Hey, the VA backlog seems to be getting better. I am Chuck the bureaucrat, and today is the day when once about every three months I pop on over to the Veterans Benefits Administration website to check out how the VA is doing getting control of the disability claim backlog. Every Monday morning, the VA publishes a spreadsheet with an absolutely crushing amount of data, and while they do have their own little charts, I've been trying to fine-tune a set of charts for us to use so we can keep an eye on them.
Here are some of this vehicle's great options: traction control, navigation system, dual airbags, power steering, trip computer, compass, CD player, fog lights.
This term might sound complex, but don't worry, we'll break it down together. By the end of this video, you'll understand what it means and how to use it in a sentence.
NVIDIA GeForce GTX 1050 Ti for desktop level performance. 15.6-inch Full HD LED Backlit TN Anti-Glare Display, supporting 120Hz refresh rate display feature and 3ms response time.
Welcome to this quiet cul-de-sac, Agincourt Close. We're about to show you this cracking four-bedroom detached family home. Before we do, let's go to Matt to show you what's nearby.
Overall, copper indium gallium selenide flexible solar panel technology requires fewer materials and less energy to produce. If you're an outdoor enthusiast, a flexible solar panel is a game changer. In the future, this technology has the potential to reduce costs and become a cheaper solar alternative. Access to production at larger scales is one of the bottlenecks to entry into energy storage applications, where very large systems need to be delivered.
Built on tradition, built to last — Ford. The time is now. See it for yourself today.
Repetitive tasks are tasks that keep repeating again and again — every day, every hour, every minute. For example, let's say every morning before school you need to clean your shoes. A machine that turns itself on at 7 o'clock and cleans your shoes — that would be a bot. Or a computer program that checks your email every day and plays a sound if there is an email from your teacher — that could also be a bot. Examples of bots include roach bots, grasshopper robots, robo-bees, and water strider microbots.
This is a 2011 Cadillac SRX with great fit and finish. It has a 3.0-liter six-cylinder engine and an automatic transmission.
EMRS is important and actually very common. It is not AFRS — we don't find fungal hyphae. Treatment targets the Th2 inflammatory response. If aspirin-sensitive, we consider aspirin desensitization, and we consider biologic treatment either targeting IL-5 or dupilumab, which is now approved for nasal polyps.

◆ ◆ ◆ ◆

• ASSIGNMENT: Copy the listing word for word.

• ANSWER SPACE:
Hey, the VA backlog seems to be getting better. I am Chuck the bureaucrat, and today is the day when once about every three months I pop on over to the Veterans Benefits Administration website to check out how the VA is doing getting control of the disability claim backlog. Every Monday morning, the VA publishes a spreadsheet with an absolutely crushing amount of data, and while they do have their own little charts, I've been trying to fine-tune a set of charts for us to use so we can keep an eye on them.
Here are some of this vehicle's great options: traction control, navigation system, dual airbags, power steering, trip computer, compass, CD player, fog lights.
This term might sound complex, but don't worry, we'll break it down together. By the end of this video, you'll understand what it means and how to use it in a sentence.
NVIDIA GeForce GTX 1050 Ti for desktop level performance. 15.6-inch Full HD LED Backlit TN Anti-Glare Display, supporting 120Hz refresh rate display feature and 3ms response time.
Welcome to this quiet cul-de-sac, Agincourt Close. We're about to show you this cracking four-bedroom detached family home. Before we do, let's go to Matt to show you what's nearby.
Overall, copper indium gallium selenide flexible solar panel technology requires fewer materials and less energy to produce. If you're an outdoor enthusiast, a flexible solar panel is a game changer. In the future, this technology has the potential to reduce costs and become a cheaper solar alternative. Access to production at larger scales is one of the bottlenecks to entry into energy storage applications, where very large systems need to be delivered.
Built on tradition, built to last — Ford. The time is now. See it for yourself today.
Repetitive tasks are tasks that keep repeating again and again — every day, every hour, every minute. For example, let's say every morning before school you need to clean your shoes. A machine that turns itself on at 7 o'clock and cleans your shoes — that would be a bot. Or a computer program that checks your email every day and plays a sound if there is an email from your teacher — that could also be a bot. Examples of bots include roach bots, grasshopper robots, robo-bees, and water strider microbots.
This is a 2011 Cadillac SRX with great fit and finish. It has a 3.0-liter six-cylinder engine and an automatic transmission.
EMRS is important and actually very common. It is not AFRS — we don't find fungal hyphae. Treatment targets the Th2 inflammatory response. If aspirin-sensitive, we consider aspirin desensitization, and we consider biologic treatment either targeting IL-5 or dupilumab, which is now approved for nasal polyps.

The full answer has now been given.